Certainly most of these are possible in JS, but I would hardly call it "ideal" for these bullet points, not to mention other general concerns like a highly questionable dependency management ecosystem.

JS lives where you visualize and explore data, so making it better at processing data would be a big win for workflows.

When you use a jupyter notebook the kernel wastes a lot of resources on visualization and the support for interactive visualization isn't ideal (copy all your data to json, pass that to a JS library which has to do the work).

Take a look at ObservableHQ for an idea of what an interface might look like, then imagine numpy semantics and webGPU on top.

As a bonus: run on server or in browser locally would reduce cloud bills because you don't need a whole server to do an exploratory analysis.

There is a TON of sunlight between "better than python" and "ideal"
I'd love to use JS instead of Python for math/numerical stuff for many reasons, but without operator overloading it's just hell.
Interestingly I dislike Python for the exact same reason. Every time I look at a PR, I second guess every single operator and index. Does this attribute access carry a heavy penalty or side effects? Etc. I find it adds a large mental overhead to any given piece of code.
Side effects on operator overload or attribute read are just really bad practice and is very rarely done. Do you second guess every identifier in C because it could be a preprocessor macro?

Yeah, stupid overloading like C++ IO is a mess, but I haven't encountered much such abuse in Python.

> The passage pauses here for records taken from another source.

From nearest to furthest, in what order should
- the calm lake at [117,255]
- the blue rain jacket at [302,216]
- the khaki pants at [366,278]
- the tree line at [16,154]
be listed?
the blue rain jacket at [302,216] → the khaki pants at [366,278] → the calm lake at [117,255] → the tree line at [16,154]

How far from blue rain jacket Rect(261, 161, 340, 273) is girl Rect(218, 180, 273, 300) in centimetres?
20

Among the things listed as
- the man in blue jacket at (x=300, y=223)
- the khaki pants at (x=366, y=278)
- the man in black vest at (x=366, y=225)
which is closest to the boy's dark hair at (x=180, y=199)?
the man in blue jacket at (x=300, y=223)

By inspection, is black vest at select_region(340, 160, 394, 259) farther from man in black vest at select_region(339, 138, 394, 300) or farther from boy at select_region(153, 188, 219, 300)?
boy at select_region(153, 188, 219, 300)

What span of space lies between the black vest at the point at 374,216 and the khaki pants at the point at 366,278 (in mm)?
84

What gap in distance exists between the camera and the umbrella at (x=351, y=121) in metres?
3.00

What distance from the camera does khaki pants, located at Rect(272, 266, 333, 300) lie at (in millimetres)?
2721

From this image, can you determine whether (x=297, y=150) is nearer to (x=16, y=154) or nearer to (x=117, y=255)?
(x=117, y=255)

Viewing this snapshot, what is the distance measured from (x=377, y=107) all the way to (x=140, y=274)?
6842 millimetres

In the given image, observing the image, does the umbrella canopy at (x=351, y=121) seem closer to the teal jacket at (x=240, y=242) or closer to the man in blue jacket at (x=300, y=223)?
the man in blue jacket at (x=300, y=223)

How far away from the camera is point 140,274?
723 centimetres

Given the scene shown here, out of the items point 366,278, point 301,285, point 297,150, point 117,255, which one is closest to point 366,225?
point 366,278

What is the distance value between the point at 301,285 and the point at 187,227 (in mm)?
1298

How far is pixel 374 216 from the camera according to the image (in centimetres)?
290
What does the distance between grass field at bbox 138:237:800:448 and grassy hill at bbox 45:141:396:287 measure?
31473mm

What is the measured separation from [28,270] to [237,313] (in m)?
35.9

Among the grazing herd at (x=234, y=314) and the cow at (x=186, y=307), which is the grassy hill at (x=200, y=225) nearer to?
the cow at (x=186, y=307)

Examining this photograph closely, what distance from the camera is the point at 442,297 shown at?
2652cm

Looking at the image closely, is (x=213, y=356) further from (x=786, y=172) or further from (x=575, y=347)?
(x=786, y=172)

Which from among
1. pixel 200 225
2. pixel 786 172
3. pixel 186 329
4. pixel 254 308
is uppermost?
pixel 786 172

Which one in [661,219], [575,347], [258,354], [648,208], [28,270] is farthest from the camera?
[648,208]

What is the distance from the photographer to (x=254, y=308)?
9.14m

Fair points. I do find the scope of C macros to be far narrower than overloading, but you are right.
The usage of the word "ideal" in the 2021 post was probably not ideal :)

The accessibility and diverse ecosystem of JavaScript, owing to its status as the lingua franca of software development, would probably be the basis for it being "ideal". I think it would be hard to make an objective claim that one programming language is strictly better than another as a programming language for mathematical ideas.

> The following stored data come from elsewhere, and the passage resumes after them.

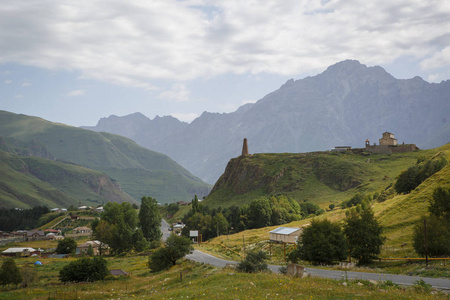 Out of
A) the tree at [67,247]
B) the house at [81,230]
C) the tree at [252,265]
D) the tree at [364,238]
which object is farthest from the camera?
the house at [81,230]

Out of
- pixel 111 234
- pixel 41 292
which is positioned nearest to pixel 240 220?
pixel 111 234

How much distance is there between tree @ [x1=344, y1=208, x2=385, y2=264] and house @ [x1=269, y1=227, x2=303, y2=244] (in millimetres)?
26164

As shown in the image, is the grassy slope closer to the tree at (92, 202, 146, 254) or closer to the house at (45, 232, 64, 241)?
the tree at (92, 202, 146, 254)

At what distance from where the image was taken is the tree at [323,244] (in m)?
46.5

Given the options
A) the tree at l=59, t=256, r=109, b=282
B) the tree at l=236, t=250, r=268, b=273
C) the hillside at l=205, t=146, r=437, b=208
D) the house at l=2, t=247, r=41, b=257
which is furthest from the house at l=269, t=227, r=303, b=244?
the house at l=2, t=247, r=41, b=257

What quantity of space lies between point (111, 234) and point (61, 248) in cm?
2630

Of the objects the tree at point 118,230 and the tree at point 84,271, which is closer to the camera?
the tree at point 84,271

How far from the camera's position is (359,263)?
46.2 meters

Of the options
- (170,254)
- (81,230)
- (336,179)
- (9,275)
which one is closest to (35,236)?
(81,230)

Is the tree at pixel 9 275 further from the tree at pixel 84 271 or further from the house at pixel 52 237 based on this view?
the house at pixel 52 237

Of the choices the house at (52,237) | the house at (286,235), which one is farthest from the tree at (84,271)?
the house at (52,237)

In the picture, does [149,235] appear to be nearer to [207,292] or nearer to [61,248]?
[61,248]

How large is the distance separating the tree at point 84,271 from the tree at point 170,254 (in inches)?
352

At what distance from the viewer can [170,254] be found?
213 feet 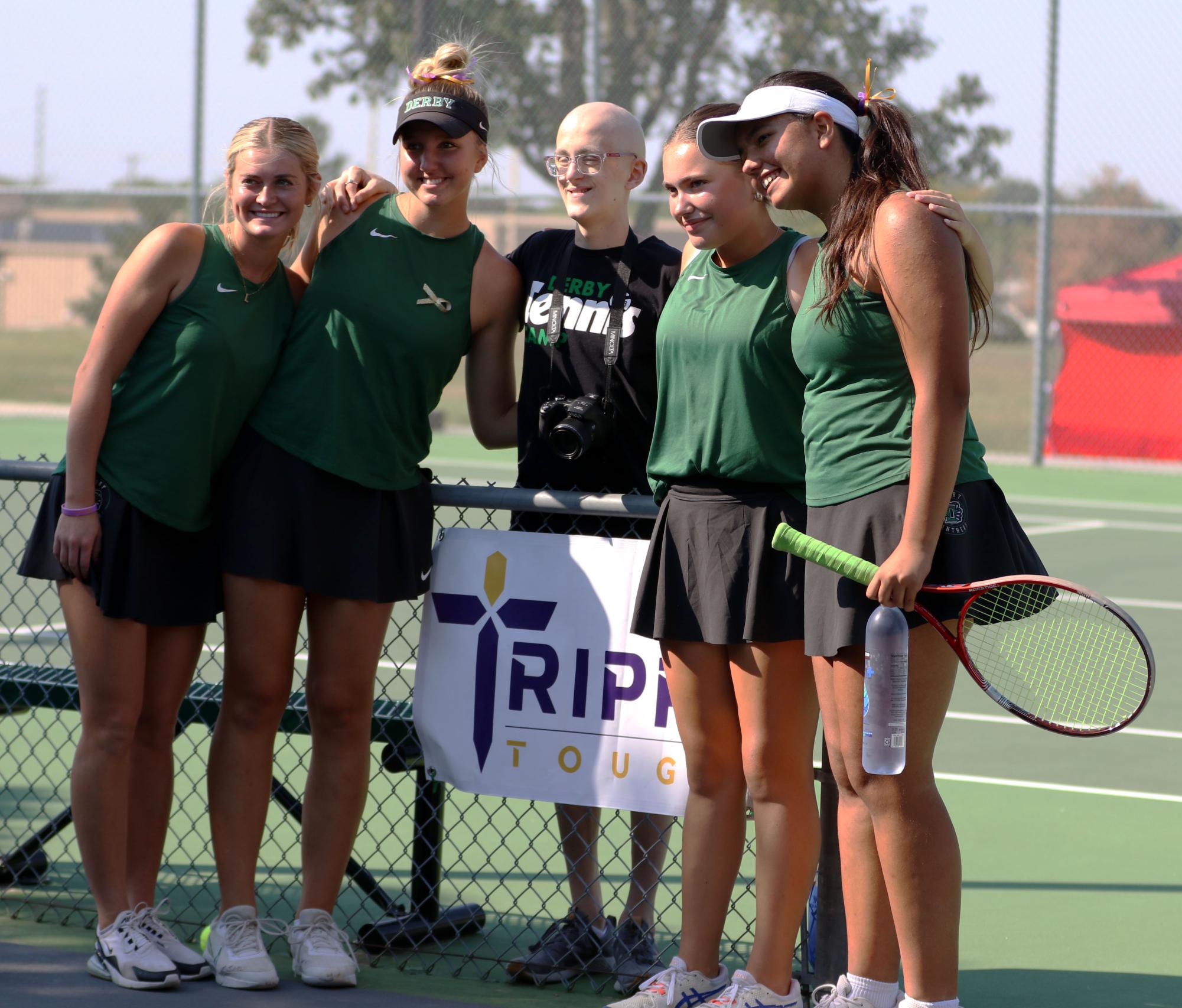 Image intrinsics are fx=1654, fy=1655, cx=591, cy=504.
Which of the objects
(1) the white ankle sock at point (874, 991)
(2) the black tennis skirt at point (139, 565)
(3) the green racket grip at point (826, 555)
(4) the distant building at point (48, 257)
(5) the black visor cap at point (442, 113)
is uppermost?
(4) the distant building at point (48, 257)

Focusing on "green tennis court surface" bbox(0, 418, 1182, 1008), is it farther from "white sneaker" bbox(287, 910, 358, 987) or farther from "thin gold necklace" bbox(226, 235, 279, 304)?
"thin gold necklace" bbox(226, 235, 279, 304)

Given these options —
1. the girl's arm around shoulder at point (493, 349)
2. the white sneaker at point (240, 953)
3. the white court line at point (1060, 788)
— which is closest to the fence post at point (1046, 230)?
the white court line at point (1060, 788)

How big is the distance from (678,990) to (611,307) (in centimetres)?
162

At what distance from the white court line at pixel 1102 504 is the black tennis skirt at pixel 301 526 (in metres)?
11.3

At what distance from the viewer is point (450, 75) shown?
13.3ft

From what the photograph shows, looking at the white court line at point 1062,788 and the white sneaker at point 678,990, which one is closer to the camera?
the white sneaker at point 678,990

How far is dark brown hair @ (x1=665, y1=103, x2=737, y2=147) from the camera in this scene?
365 cm

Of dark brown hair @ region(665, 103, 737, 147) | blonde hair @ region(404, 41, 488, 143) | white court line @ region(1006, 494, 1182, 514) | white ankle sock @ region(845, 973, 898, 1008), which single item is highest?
blonde hair @ region(404, 41, 488, 143)

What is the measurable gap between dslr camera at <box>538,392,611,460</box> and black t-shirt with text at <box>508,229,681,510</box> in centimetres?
7

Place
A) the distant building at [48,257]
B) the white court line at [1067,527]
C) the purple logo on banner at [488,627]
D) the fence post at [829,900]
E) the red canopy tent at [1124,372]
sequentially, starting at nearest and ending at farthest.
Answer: the fence post at [829,900], the purple logo on banner at [488,627], the white court line at [1067,527], the red canopy tent at [1124,372], the distant building at [48,257]

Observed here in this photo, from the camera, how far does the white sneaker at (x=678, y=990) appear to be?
366 cm

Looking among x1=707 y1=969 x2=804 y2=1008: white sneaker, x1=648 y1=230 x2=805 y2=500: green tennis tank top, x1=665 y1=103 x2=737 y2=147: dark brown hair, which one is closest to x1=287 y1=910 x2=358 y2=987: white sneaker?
x1=707 y1=969 x2=804 y2=1008: white sneaker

> lingua franca of software development

s/software/web/

probably just rushed writing. the Deno team are smart, I imagine they know there are better languages than JS for these sort of problems (technically)

giving them the benefit of the doubt, perhaps they mean is that it's ideal having these capabilities accessible in JS since it can be run (almost) everywhere and there are a ton of developers who know JS

Just yesterday I was looking to play around with webGPU and found the 1.8 release page. I had no idea it was removed. I hope that webGPU will gain adaptation as the best cross platform system. The incompatibility between platforms for openGL or Vulkan always made me not want to learn it.
Small correction: It wasn't rolled back due to instability, it was because it increased deno startup time even for programs that weren't making use of WebGPU apis. That is no longer the case this time around.

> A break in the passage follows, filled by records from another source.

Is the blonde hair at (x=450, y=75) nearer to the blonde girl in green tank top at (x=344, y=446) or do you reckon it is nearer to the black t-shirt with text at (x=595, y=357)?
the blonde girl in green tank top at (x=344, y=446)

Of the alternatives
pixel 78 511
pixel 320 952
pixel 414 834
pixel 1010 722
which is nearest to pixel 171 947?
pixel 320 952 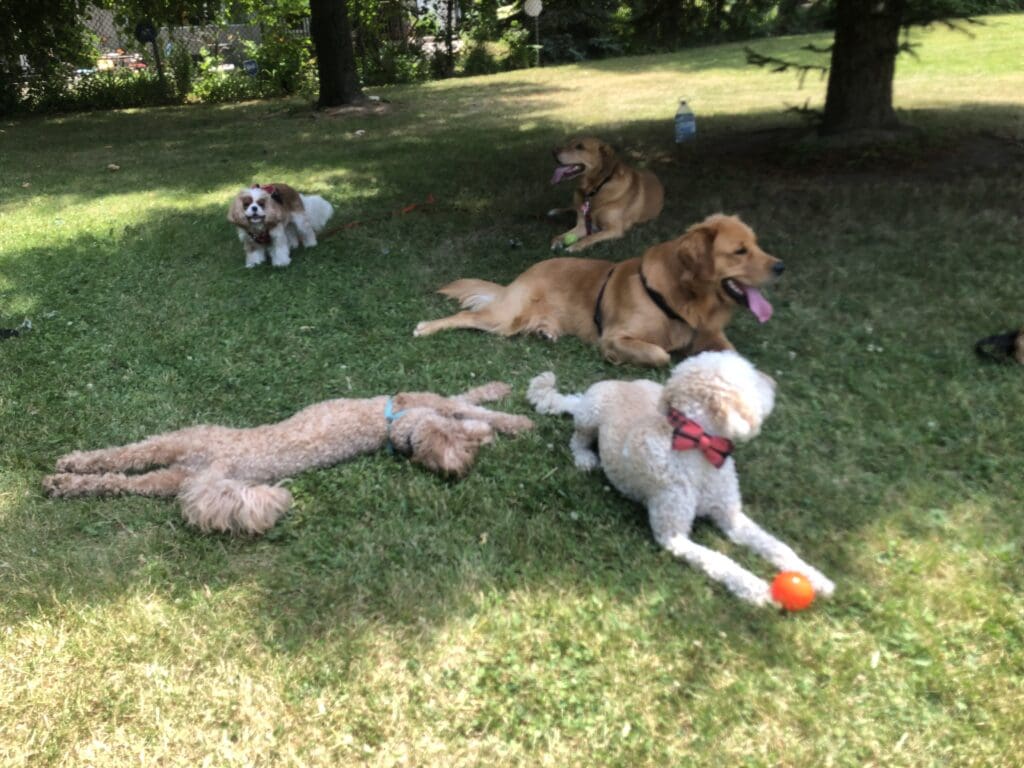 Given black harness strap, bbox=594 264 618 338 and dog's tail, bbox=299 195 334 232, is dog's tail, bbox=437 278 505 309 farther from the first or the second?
dog's tail, bbox=299 195 334 232

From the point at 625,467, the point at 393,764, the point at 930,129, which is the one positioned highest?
the point at 930,129

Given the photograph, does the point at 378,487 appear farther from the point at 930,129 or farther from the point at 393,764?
the point at 930,129

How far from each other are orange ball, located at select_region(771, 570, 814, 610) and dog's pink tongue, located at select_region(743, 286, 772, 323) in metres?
1.99

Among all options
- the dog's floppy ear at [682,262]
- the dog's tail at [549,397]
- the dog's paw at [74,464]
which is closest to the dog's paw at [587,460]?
the dog's tail at [549,397]

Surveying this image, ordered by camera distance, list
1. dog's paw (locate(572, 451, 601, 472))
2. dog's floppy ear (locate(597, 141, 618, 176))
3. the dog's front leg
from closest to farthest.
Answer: dog's paw (locate(572, 451, 601, 472)), the dog's front leg, dog's floppy ear (locate(597, 141, 618, 176))

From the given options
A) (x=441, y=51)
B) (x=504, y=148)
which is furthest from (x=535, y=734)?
(x=441, y=51)

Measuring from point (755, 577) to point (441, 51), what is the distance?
2431 cm

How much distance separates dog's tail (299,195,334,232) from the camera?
6879 mm

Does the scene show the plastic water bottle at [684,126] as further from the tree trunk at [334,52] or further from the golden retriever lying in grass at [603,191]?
the tree trunk at [334,52]

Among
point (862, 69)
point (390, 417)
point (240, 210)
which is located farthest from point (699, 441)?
point (862, 69)

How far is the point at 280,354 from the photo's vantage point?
455 centimetres

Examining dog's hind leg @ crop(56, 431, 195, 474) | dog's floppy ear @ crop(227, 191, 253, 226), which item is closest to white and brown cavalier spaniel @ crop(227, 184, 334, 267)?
dog's floppy ear @ crop(227, 191, 253, 226)

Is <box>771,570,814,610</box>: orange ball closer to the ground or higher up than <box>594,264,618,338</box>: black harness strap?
closer to the ground

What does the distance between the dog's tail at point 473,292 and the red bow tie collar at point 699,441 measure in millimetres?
2573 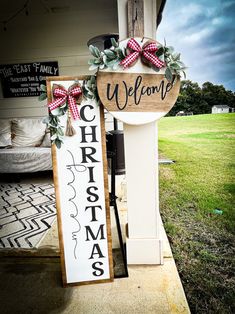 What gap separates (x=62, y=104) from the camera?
1.24 meters

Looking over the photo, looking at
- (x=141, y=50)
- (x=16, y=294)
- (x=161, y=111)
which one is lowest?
(x=16, y=294)

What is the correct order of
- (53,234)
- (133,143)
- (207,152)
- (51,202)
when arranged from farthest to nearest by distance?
1. (207,152)
2. (51,202)
3. (53,234)
4. (133,143)

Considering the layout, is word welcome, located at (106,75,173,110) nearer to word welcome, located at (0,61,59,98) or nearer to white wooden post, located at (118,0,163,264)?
white wooden post, located at (118,0,163,264)

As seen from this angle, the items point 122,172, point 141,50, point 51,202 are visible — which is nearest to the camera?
point 141,50

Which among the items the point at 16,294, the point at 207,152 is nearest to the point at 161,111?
the point at 16,294

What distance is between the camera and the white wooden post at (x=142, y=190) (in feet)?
4.69

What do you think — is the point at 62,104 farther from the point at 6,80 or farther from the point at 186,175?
the point at 6,80

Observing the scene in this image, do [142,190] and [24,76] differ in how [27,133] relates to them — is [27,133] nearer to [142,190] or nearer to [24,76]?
[24,76]

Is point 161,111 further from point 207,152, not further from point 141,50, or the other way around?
point 207,152

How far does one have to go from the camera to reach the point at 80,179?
1.33m

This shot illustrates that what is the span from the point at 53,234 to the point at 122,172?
1854 mm

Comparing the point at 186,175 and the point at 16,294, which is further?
the point at 186,175

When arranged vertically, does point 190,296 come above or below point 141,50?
below

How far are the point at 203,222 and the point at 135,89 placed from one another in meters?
1.59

As someone who detests python, I really hope we can get some good TS WebGPU libs going. In fact any ML lib using WebGPU under the hood would be quite portable to other languages and platforms.

See also Web Neural Network API: https://www.w3.org/TR/webnn/
JavaScript is useless for data exploration, that's why very little data scientist uses JavaScript and all kinds of none white spaces languages. Curly braces doesn't work well in iterative explorative programming
"Languages with curly braces are categorically useless for data exploration" is certainly ... a take.
I don’t think even the creator of Python would agree with this..
i've built an entire career building apps and tools in JS for data scientists to explore complex data. tons of companies pay lots and lots of money for this - i'm currently at a FAANG doing exactly this with data scientists.
Did you forget about R?
yet it doesn't even have a comparable market share ( even tho whole ecosystem is dedicated for datascience)
don't nobody tell him about this double bracket [[]] language called mathematica!